FreeRTOS + TCP/IP on Arm Cortexa53

Hello everybody.

Since I have a lot of problems to get the TCP IP stack running on the CortexA53, I wanted to ask if there is someone who also uses it and has managed to get the TCP IP stack running.

Used HW + SW:

  • Zynq UltraScale+
  • Cortex a53 64 bit compiler

Hope someone can help me

What have you tried? What problems have you encountered? Is the Ethernet MAC on the UltraScale different to that on the Zynq as there is a driver for the Zynq already?

Hello, Richard,

Thank you very much for your quick response.

What problems have you encountered?

  • The first problem I had was that an error occurred when creating the uncached memory area. I have fixed this with the following. Therefore I had to change the following:

the following change must be made to uncached_memory.c

the defined size of

“UNCACHED_MEMORY_SIZE”

must be changed from 1MB to 2MB, because the minimum block size in MMU is 2MB.
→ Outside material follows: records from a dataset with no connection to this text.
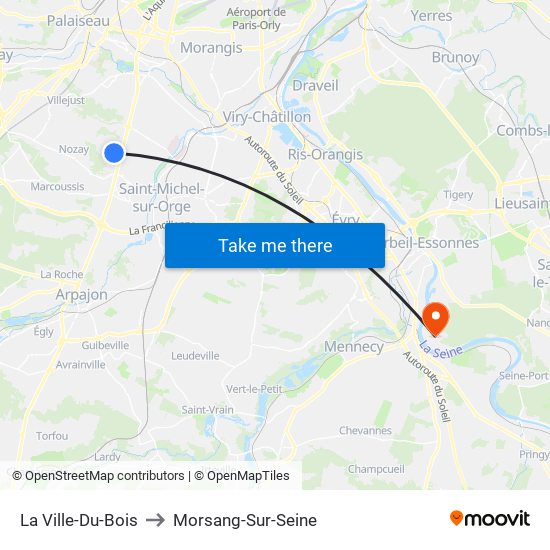 La Ville-Du-Bois to Morsang-Sur-Seine map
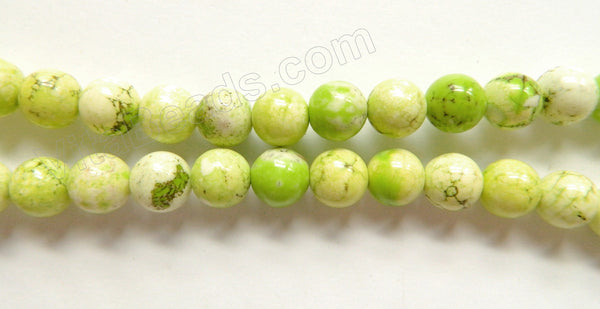 Neon Turquoise  -  Smooth Round Beads   16"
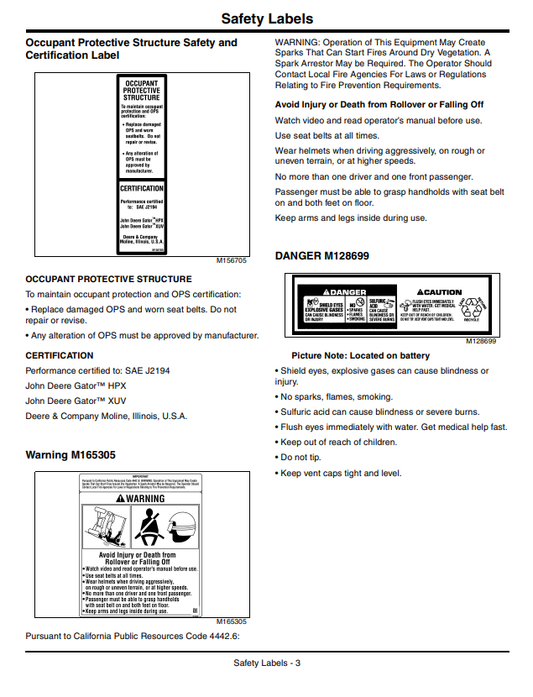 JOHN DEERE GATOR™ UTILITY VEHICLE XUV550 OPERATOR MANUAL OMM164559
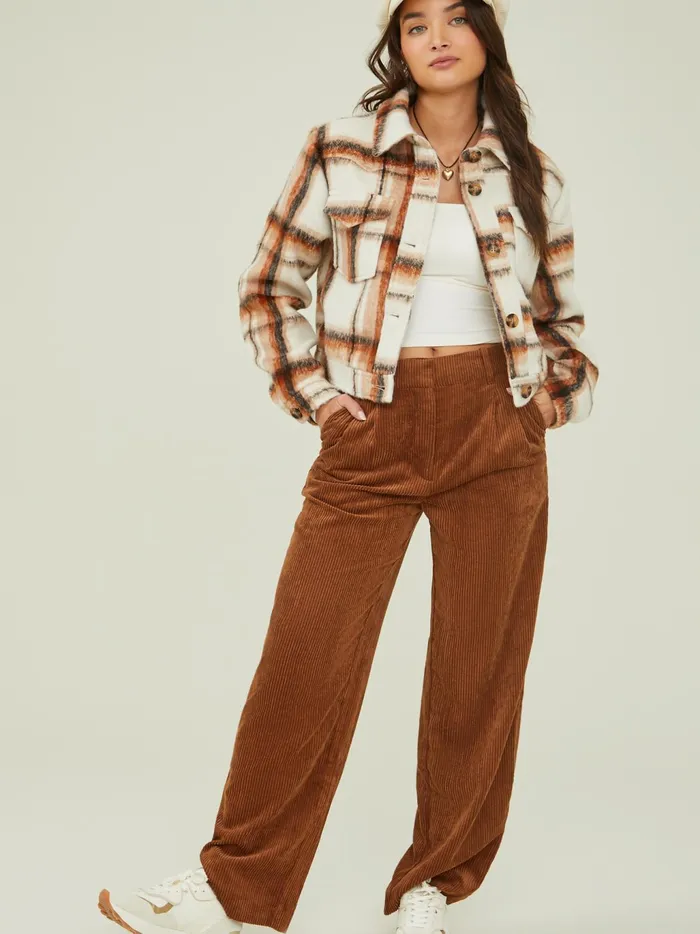 Women Altar039d State Jackets Stella Cropped Plaid Shacket Ivoryrust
of: #define UNCACHED_MEMORY_SIZE 0x100000ul
on: #define UNCACHED_MEMORY_SIZE 0x200000ul

and as a further point the attribute must be changed.

from: Xil_SetTlbAttributes( ( uint32_t )pucStartOfMemory, 0x1c02);
to: Xil_SetTlbAttributes( ( ( uint32_t )pucStartOfMemory, 0x409UL );

Now I have the following problems:

When the following function calls come in "tasks.c

  • portYIELD_WITHIN_API();
  • taskYIELD_IF_USING_PREEMPTION();

it goes to the FreeRTOS_abort and remains there in a while loop.

I have now compared the EMAC driver for the Ultrascale and the Zynq 7000.
There are the following differences:

in xemacps.c :
UltraScale+:

XEmacPs_WriteReg(InstancePtr->Config.BaseAddress, XEMACPS_TXSR_OFFSET, XEMACPS_SR_ALL_MASK);

ZYNQ 7000:

XEmacPs_WriteReg(InstancePtr->Config.BaseAddress, XEMACPS_TXSR_OFFSET, 0x0U);

in xemacps_hw.h:
UltraScale+:

#define XEMACPS_SR_ALL_MASK 0xFFFFFFFFU /**< Mask for full register */

ZYNQ 7000:

no definition of XEMACPS_SR_ALL_MASK 0xFFFFFFFFU

So I’d say there’s not much difference.

Hello Philipp,

the defined size of

“UNCACHED_MEMORY_SIZE”

must be changed from 1MB to 2MB, because the minimum block size in MMU is 2MB.
of: #define UNCACHED_MEMORY_SIZE 0x100000ul
on: #define UNCACHED_MEMORY_SIZE 0x200000ul

Thanks for this, we will change that with an #ifdef

and as a further point the attribute must be changed.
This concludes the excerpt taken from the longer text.